The listing, minus its pictures, is to be given again exactly.

Dataset section
--- START ---

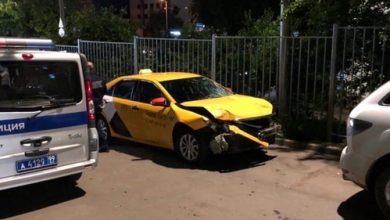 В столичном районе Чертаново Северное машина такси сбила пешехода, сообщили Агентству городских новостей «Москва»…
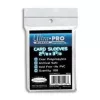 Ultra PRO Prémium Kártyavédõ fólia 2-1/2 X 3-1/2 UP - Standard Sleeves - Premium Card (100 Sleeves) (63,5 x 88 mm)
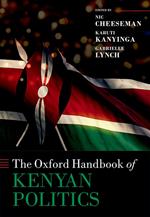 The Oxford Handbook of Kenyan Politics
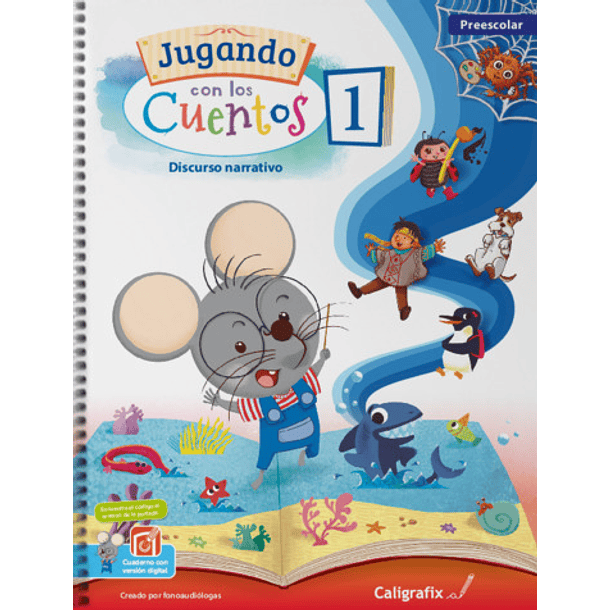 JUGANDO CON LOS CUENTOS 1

--- END ---

Solution to this exercise
 В столичном районе Чертаново Северное машина такси сбила пешехода, сообщили Агентству городских новостей «Москва»…
 Ultra PRO Prémium Kártyavédõ fólia 2-1/2 X 3-1/2 UP - Standard Sleeves - Premium Card (100 Sleeves) (63,5 x 88 mm)
 The Oxford Handbook of Kenyan Politics
 JUGANDO CON LOS CUENTOS 1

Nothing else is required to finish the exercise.